Imposing Consistency for Optical Flow Estimation
This work addresses the challenge of deriving real-world labels for optical flow estimation, offering incremental improvements through self-supervised and semi-supervised consistency techniques.
The paper tackles the problem of optical flow estimation by introducing novel consistency strategies like occlusion consistency and zero forcing, achieving state-of-the-art results on the KITTI-2015 benchmark with a foreground accuracy of 4.33% in Fl-all using only monocular inputs.
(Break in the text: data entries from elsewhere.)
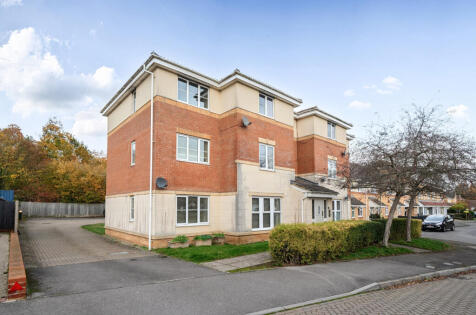 Yew Court, Hibiscus Crescent, Andover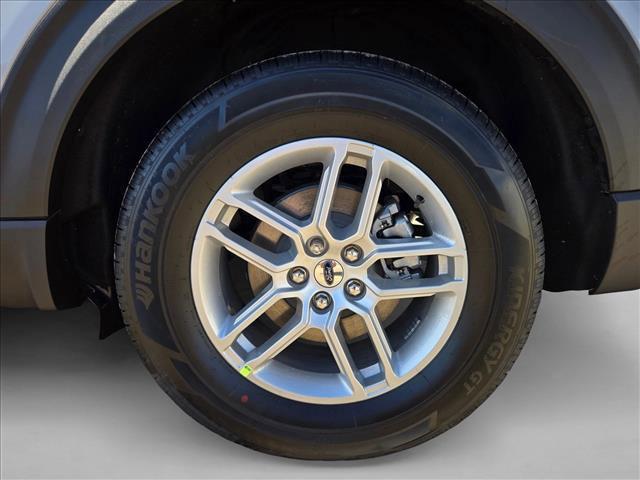 new 2026 Ford Explorer car, priced at $39,410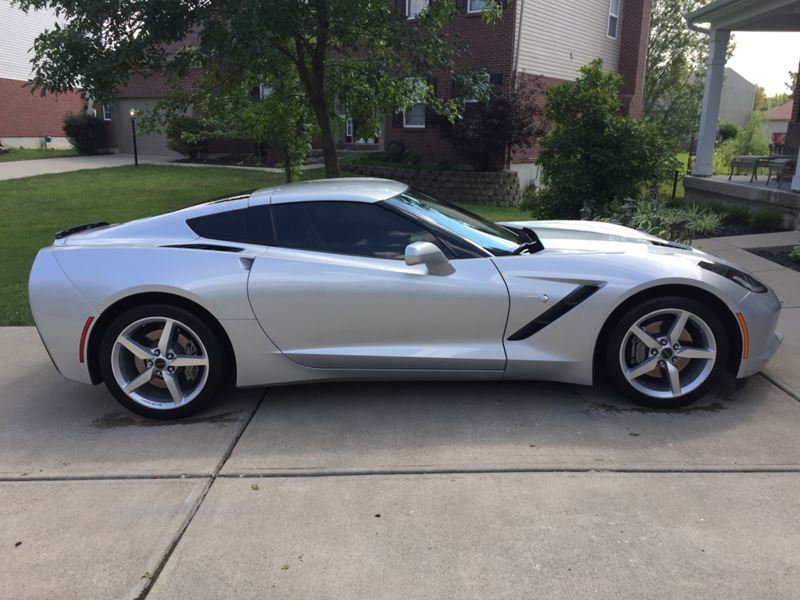 2014 Chevrolet Corvette for sale by owner in Florence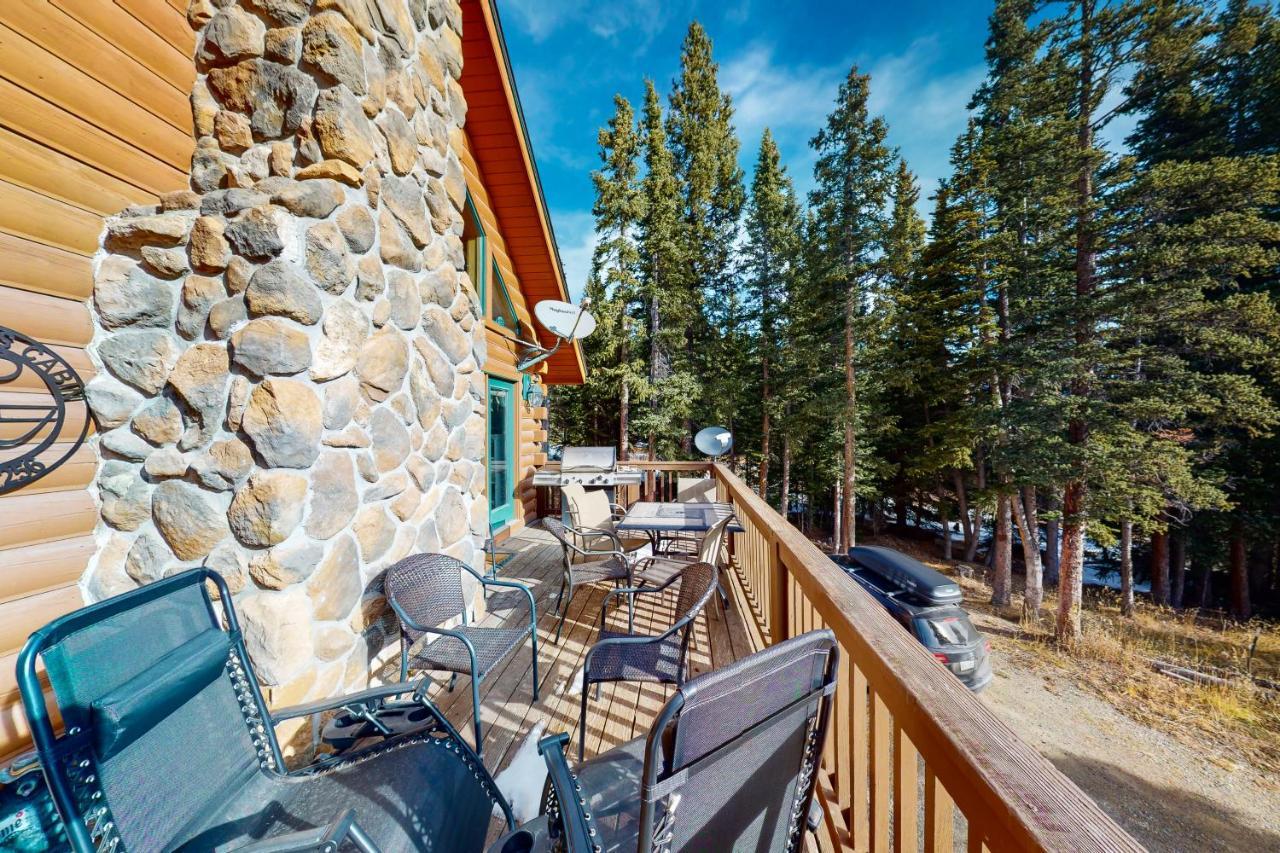 Little Bears Cabin เบรกเคนริดจ์ ภายนอก รูปภาพ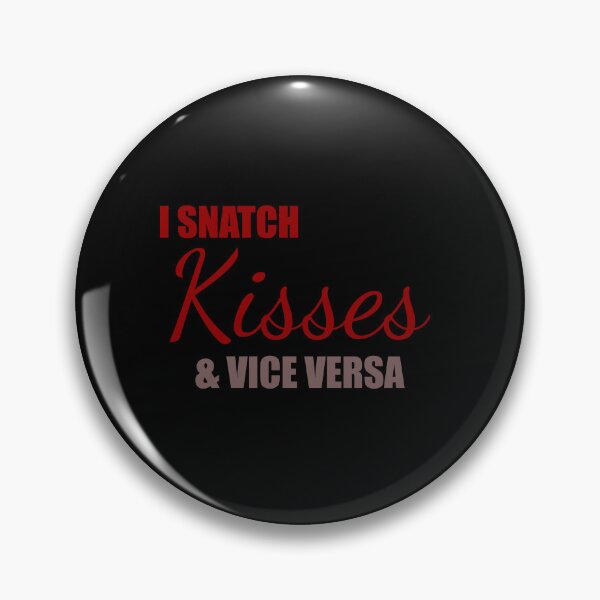 Item preview, I Snatch Kisses designed and sold by namyegoobeht.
Imposing consistency through proxy tasks has been shown to enhance data-driven learning and enable self-supervision in various tasks. This paper introduces novel and effective consistency strategies for optical flow estimation, a problem where labels from real-world data are very challenging to derive. More specifically, we propose occlusion consistency and zero forcing in the forms of self-supervised learning and transformation consistency in the form of semi-supervised learning. We apply these consistency techniques in a way that the network model learns to describe pixel-level motions better while requiring no additional annotations. We demonstrate that our consistency strategies applied to a strong baseline network model using the original datasets and labels provide further improvements, attaining the state-of-the-art results on the KITTI-2015 scene flow benchmark in the non-stereo category. Our method achieves the best foreground accuracy (4.33% in Fl-all) over both the stereo and non-stereo categories, even though using only monocular image inputs.